■ **What to do**: The answer is the exact run of lines in the listing below from the line containing "Zahara de los" up to and including the line containing "Knitwear > Round-neck", with pictures removed.

■ **Extracted data**:
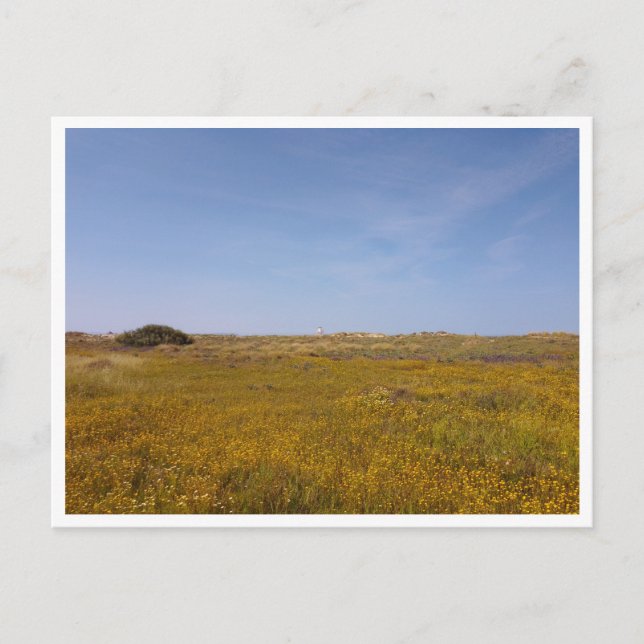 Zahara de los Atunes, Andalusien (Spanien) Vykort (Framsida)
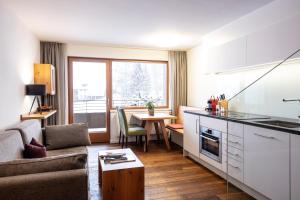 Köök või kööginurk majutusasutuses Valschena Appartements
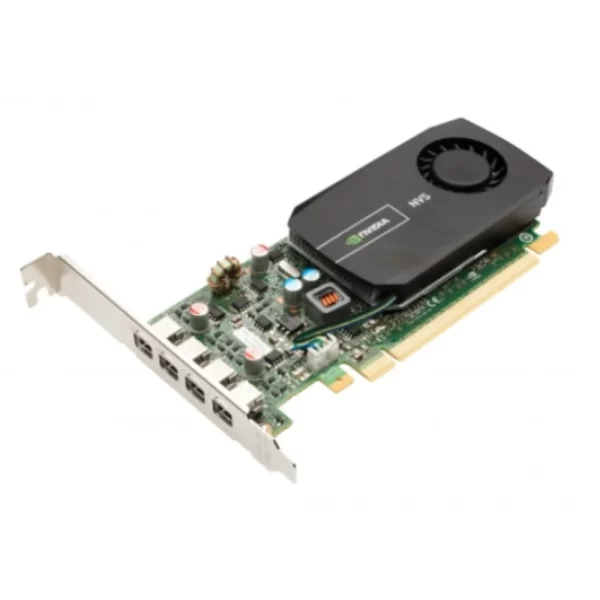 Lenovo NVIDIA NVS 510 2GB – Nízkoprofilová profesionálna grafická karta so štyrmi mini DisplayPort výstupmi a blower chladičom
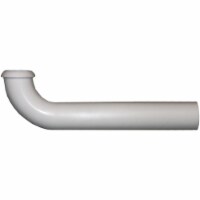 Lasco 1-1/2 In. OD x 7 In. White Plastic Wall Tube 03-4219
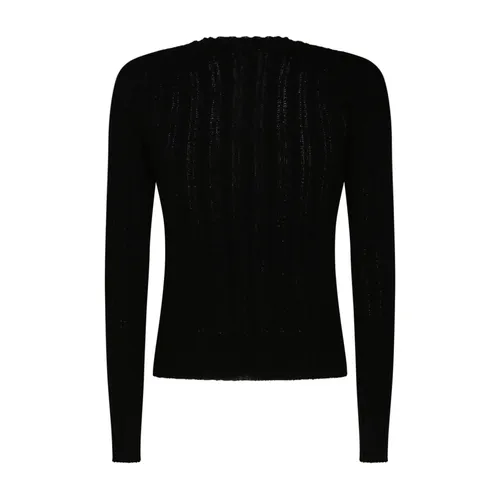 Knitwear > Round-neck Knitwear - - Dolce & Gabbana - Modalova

--

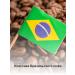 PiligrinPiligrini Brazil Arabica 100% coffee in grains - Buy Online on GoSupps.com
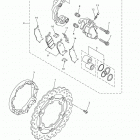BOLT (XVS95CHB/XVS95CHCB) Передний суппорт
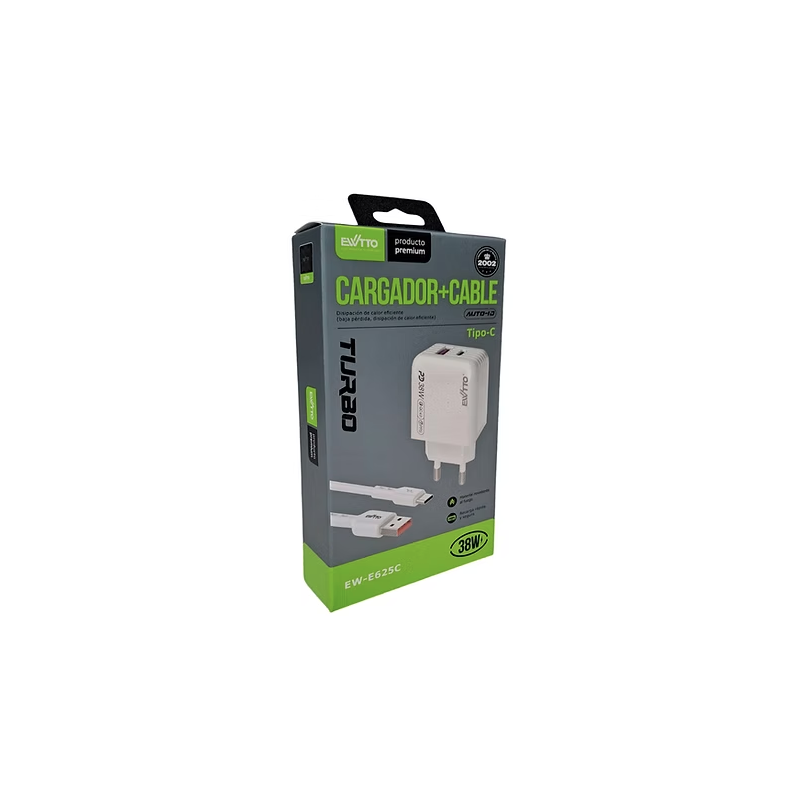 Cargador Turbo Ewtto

■ **Solution for this task**:
 Zahara de los Atunes, Andalusien (Spanien) Vykort (Framsida)
 Köök või kööginurk majutusasutuses Valschena Appartements
 Lenovo NVIDIA NVS 510 2GB – Nízkoprofilová profesionálna grafická karta so štyrmi mini DisplayPort výstupmi a blower chladičom
 Lasco 1-1/2 In. OD x 7 In. White Plastic Wall Tube 03-4219
 Knitwear > Round-neck Knitwear - - Dolce & Gabbana - Modalova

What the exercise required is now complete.